At a time when Congress, President Clinton and state legislatures are pushing welfare reform, it hardly seems prudent to add more children to the rolls. But Massachusetts isn't alone. A nationwide count by NEWSWEEK revealed that 11 other states offer some form of fertility assistance through Medicaid (chart). Six other states-Maine, Wisconsin, Alabama, Connecticut, Montana and West Virginia-have ended such coverage in the last two years. The amount of money is fairly small. Nationwide, the cost of supplying the drugs and treatments is probably less than half a million dollars annually. But because the federal government pays 90 cents of every Medicaid dollar states spend on "family-planning services," U.S. tax payers fund the vast majority of fertility assistance. And the related costs run much higher. Fertility drugs increase the risk of multiple births and low-birth-weight babies, who can have extremely costly medical problems. As it is, 33 percent of all U.S. births last year were to mothers on Medicaid, and each new welfare baby fuels the cycle of public dependency, requiring more welfare payments, food stamps and other benefits.

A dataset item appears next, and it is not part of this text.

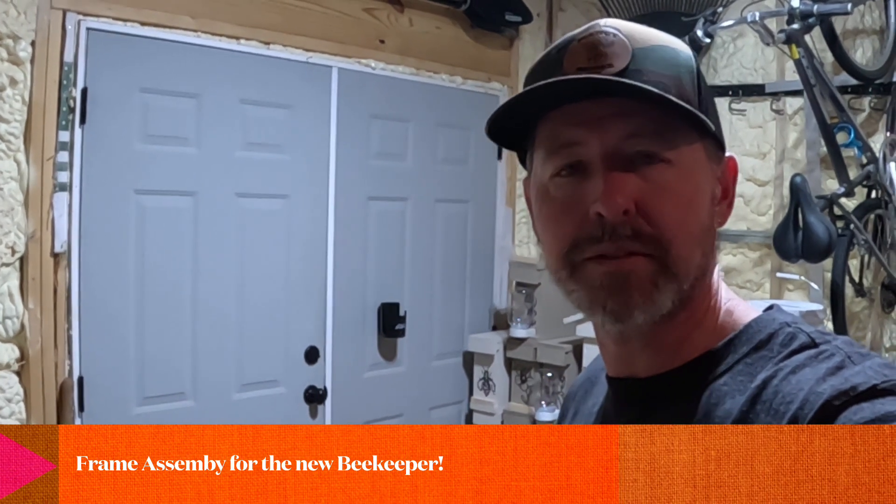Today I'm going to be building out some frames. I bought a new Bee Castle Hive a few days ago and it came with 40 frames, so I'm going to show you as a new beekeeper how to put those together. Rather than using jigs that build 40 at a time, I'm going to show you how to do it very simply. I'm also going to show you how to put some wax on it so that the bees will be able to jump on the frame and use it. The more wax you put on it, the less the bees have to make themselves, giving them a jump start on making honey.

Medicaid funding of fertility services raises philosophical questions as well: Is every woman entitled to bear a child, even if she can't afford to raise one? Can the government deny people the chance to have children, simply because they are poor? Some critics of Weld's action argued that not all Medicaid recipients are unwed welfare mothers-some are working couples who are between jobs or who just don't earn much money. "This is really welfare-bashing-it's a question of treating people equally," says Robert Restuccia of Health Care for All, a consumer group. Officials at Resolve, Inc., a Massachusetts-based infertility support group, point out that even women who already have children can have difficulty conceiving again, and they argue that infertility should be treated like any other medical problem. Dr. Alan DeCherney, president-elect of the American Fertility Society, sees civil-liberties problems in cutting off fertility aid: "We're making a decision based on a patient's socioeconomic class." On the other hand, he notes that many private insurance plans don't cover infertility services-"so why should a poor person have that benefit paid by taxpayers?"

Optional services:

Not surprisingly, conservative advocates of welfare reform are appalled at the idea of government subsidizing fertility aid for the poor. "It's morally irresponsible for someone to have a child and expect someone else to raise them," says Robert Rector of The Heritage Foundation. He urges the Clinton administration to remove fertility treatments from the list of optional services federal Medicaid will match, if states decide to offer them. But U.S. Medicaid director Sally Richardson says she won't press for such a move: "I think states should have the right to choose how they want to target their dollars."

Most states that cover fertility services under Medicaid aren't specifically trying to promote fertility-they've just traditionally covered most FDA-approved drugs whenever a doctor has prescribed them. But some states have concluded that the practice makes no sense. "We think that there's a real inconsistency between covering infertility drugs and trying to move recipients in the direction of more self-reliance," says Claudette Beaulieu of the Department of Social Services in Connecticut, which stopped covering fertility drugs in 1992 and will begin limiting the time state residents can stay on welfare this July. Maryland also stopped funding fertility drugs in 1992, but continues to pay for reversals of vasectomies and tubal ligations on the ground that the option encourages people to consider sterilization.